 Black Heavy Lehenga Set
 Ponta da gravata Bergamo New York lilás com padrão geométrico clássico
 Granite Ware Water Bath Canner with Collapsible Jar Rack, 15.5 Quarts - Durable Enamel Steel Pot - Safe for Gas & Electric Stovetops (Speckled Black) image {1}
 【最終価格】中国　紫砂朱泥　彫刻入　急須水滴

* * *

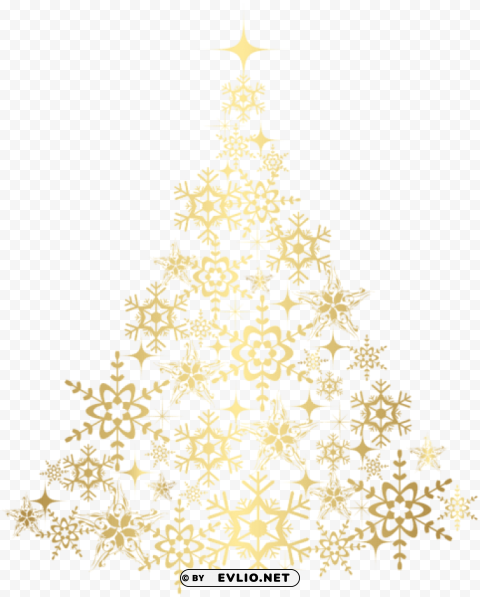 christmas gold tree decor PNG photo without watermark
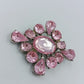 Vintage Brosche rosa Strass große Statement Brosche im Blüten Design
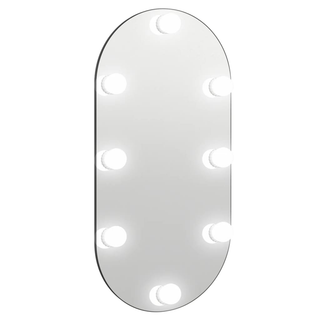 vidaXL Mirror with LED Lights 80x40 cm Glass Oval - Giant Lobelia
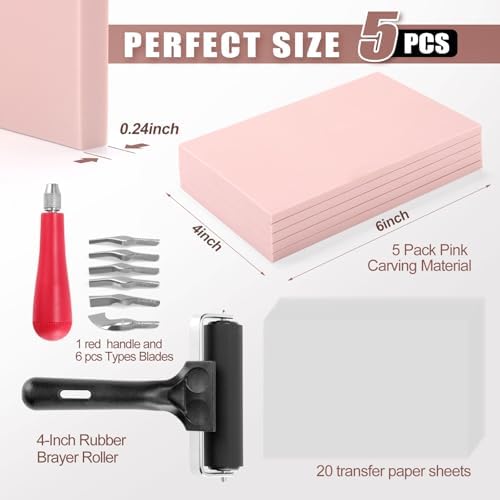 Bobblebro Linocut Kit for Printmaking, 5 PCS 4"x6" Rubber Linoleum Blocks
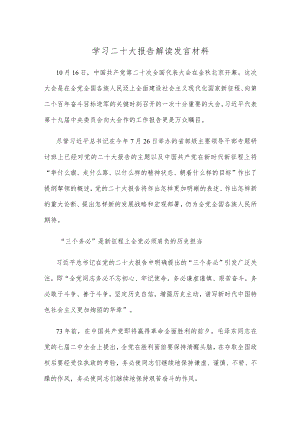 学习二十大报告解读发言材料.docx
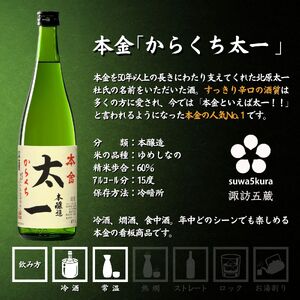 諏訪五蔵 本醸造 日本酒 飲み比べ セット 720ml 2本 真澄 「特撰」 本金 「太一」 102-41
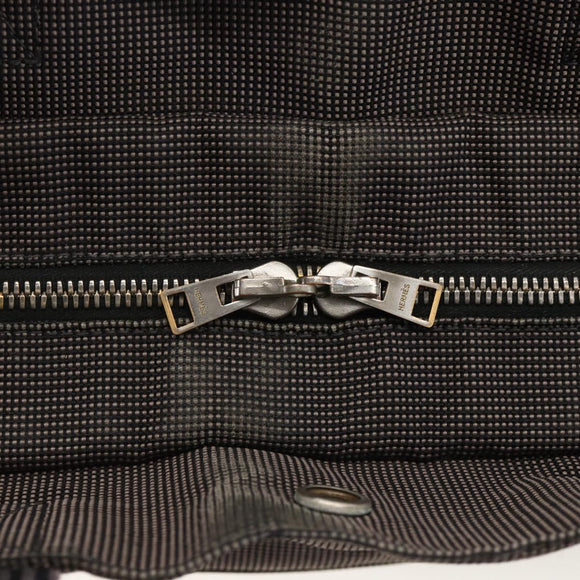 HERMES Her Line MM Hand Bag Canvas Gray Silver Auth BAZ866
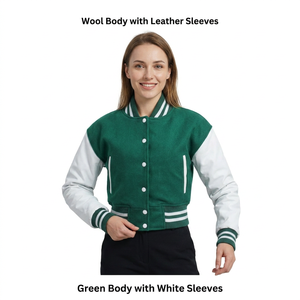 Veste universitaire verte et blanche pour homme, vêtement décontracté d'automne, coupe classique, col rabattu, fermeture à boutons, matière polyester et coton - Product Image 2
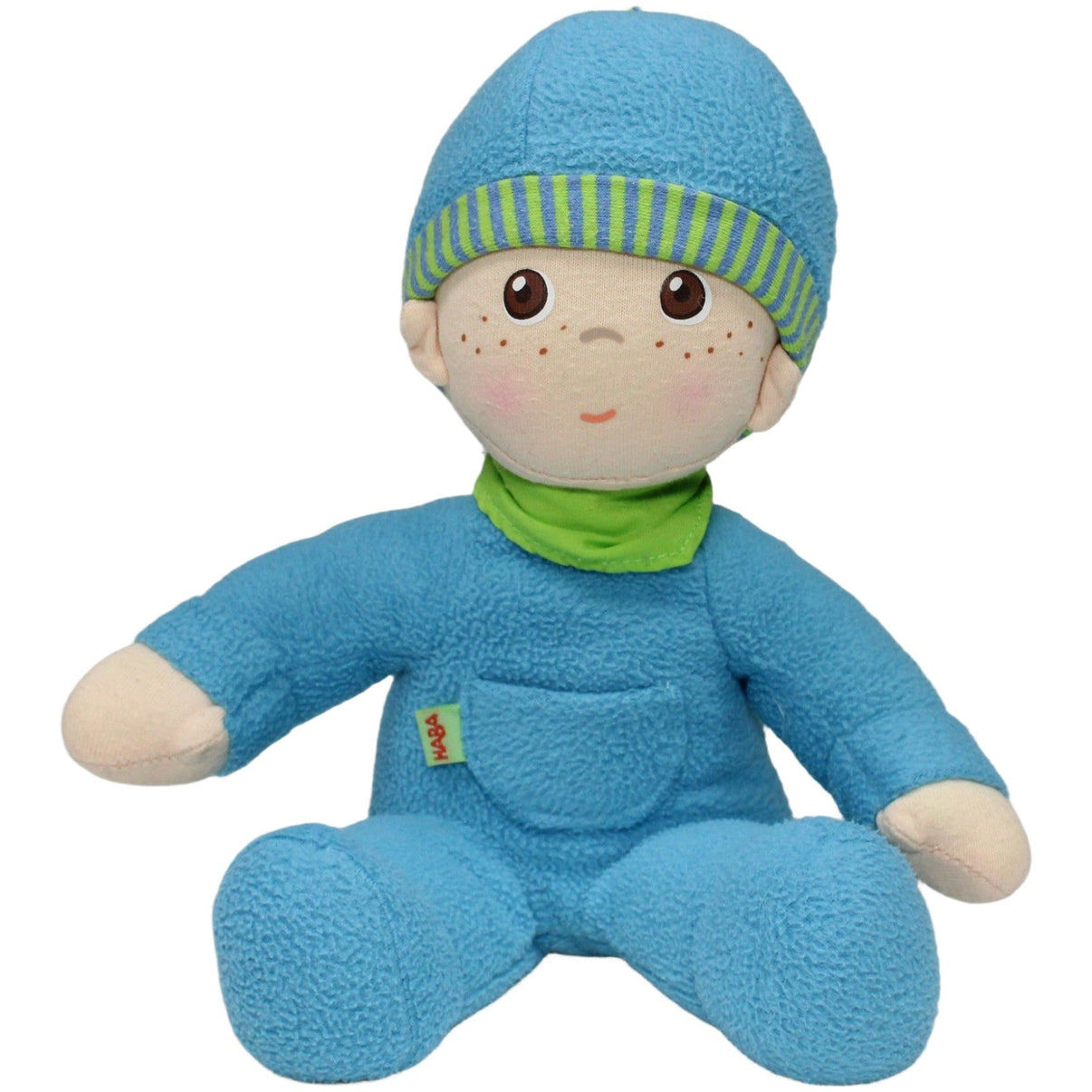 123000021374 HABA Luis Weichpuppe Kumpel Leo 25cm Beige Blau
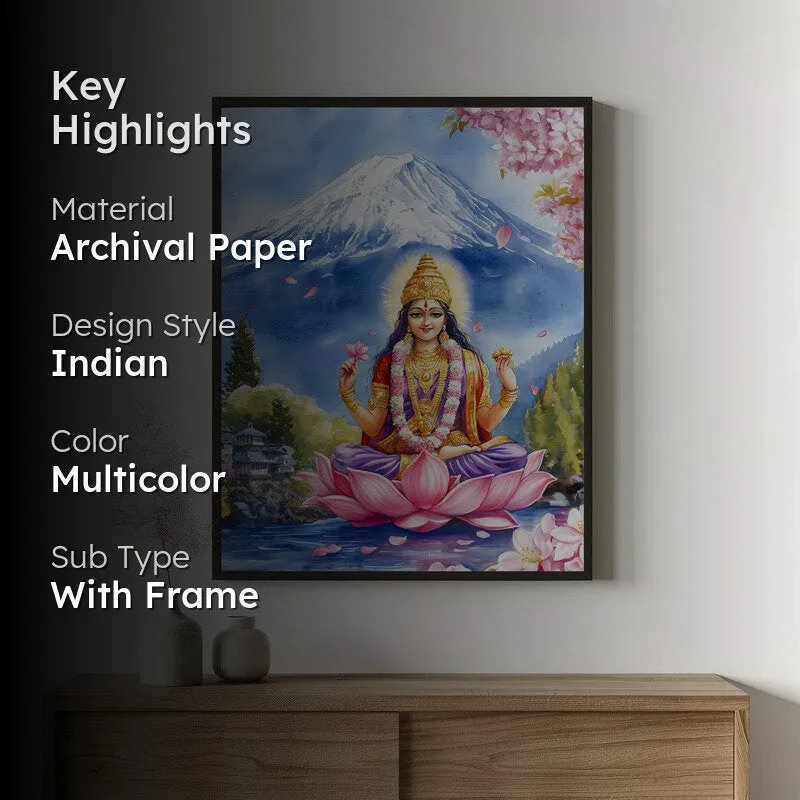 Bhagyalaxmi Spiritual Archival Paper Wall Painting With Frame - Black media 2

### WORK INSTRUCTIONS
Where a picture appears in the records above, omit it, and transcribe exactly the stretch of lines from the one with "HERMES Her Line" through the one with "Bhagyalaxmi Spiritual Archival".

### ANSWER TO THE EXERCISE
 HERMES Her Line MM Hand Bag Canvas Gray Silver Auth BAZ866
 Veste universitaire verte et blanche pour homme, vêtement décontracté d'automne, coupe classique, col rabattu, fermeture à boutons, matière polyester et coton - Product Image 2
 123000021374 HABA Luis Weichpuppe Kumpel Leo 25cm Beige Blau
 Bhagyalaxmi Spiritual Archival Paper Wall Painting With Frame - Black media 2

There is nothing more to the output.